Thu, Feb 22, 2001 - Page 9 News List

Dining out on the European Commission

Europe has pretensions of grandeur without any substance; the continent's trouble is that it is not happy with its present greatness

By Timothy Garton Ash

Illustration: Mountain People

The president of the European Commission is a little late for dinner. He enters the restaurant alone, unattended by aides or burly secret servicemen with plastic coils going into their ears. Neither the waiters nor most of the other diners seem to recognize the president. We sit at a high, circular table in this informal Brussels bistro, and have a freewheeling, intellectual conversation. The president apologizes for leaving his mobile phone on, in case an important call comes through. Late in the evening, our conversation is startlingly interrupted by the Ode to Joy melody from Beethoven's Ninth, the official European anthem. This -- I realize after a moment -- is the ringing tone of president Prodi's mobile.
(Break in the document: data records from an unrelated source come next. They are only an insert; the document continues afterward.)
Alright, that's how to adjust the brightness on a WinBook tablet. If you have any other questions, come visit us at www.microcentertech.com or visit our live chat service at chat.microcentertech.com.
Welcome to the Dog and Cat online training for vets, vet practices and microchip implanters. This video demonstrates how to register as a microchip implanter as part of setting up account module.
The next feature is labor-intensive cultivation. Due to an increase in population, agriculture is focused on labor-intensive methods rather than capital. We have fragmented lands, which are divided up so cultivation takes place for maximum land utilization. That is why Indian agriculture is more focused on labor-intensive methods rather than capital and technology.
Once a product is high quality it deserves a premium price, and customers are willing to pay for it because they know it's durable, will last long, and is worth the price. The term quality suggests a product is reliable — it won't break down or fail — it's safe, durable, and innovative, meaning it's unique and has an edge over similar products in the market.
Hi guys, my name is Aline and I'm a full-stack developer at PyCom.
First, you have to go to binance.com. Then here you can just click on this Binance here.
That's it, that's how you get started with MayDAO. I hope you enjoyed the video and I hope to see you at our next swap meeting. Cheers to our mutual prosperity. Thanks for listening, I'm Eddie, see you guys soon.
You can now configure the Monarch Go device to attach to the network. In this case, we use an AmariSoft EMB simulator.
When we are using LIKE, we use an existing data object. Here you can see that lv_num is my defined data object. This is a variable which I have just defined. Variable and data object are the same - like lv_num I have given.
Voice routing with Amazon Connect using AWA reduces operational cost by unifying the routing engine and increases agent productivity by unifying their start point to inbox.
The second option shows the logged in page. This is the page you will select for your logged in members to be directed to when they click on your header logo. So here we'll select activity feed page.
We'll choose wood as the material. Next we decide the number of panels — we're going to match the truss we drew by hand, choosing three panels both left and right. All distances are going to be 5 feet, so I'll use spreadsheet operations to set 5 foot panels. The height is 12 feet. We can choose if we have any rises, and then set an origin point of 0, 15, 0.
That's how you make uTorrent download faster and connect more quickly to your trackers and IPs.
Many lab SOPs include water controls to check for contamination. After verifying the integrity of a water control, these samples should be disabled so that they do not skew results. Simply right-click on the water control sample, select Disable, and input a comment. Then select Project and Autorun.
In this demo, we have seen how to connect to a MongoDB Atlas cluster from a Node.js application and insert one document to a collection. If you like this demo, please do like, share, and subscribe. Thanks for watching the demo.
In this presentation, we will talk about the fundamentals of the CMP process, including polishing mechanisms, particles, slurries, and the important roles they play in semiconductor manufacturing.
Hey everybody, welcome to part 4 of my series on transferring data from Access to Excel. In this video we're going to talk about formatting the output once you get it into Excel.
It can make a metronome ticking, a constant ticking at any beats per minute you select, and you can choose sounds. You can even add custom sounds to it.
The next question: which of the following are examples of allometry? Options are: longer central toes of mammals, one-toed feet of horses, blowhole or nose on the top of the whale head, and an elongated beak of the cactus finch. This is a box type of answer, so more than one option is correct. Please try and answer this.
But no, it's not president Bush on the line. It's someone from Italy.

There are two ways of reading this little scene, unimaginable in the life of a president of the US. Those who hope to see a European superpower will sigh that it shows how far we still have to go. Some personal criticism of the relaxed leadership style of Professor Romano Prodi, the president of the European Commission -- president Prodi, as his office insists on calling him -- may be mixed with much more fundamental reflections about the need for reform of EU institutions to ensure that a bloc of 375 million people, with a combined GDP larger than the US' can "speak with one voice" and "punch its proper weight" in the counsels of the world. Alternatively, you can -- as I do -- find it not just molto simpatico but also a charming illustration of how very different the EU is from any conventional notion of great power, world power or superpower, as currently embodied by the US.

The trouble is, the EU itself is not happy with the great thing that it already is. So it sometimes claims or aspires to be something it can not be. That is a definition of unhappiness. The EU is like the mermaid who wanted to be a girl, in Hans Andersen's fairy tale. Her feet always hurt when she walks, because really they should be a tail in the water. And it irritates others, too. When I ask the former foreign minister of a major power in Asia about his dealings in Brussels, he says he is annoyed by Europe having the pretensions of grandeur without the substance.

To be sure, the EU is already a world power when it comes to trade and aid. If the eurozone is consolidated and grows (including Britain), the euro will be a world currency to rival the dollar. In Javier Solana, the EU has a "Mr Foreign Policy" and when his mobile phone rings during our lunchtime conversation, the caller is Kofi Annan, the UN Secretary-General. But Solana himself insists that for the foreseeable future there cannot be a single European foreign policy, only a "common" one, closely coordinated between the governments of member states. The answer to Henry Kissinger's (apocryphal?) question "You say Europe -- but which number should I call?" will continue to be several numbers, in Berlin, London and Paris, as well as Brussels, and probably two or three others as well (the subsidiary numbers varying according to the issue.

As for this planned European Rapid Reaction Force: yes, there is a significant question as to whether its military planning will take place under Nato auspices. It's significant both in symbolic terms and because planning will just be much more effective (and cheaper) done with Nato. But either way, the idea that the EU is building up a "European army" which will in any sense be a military counterpart to its economic strength is simply for the birds.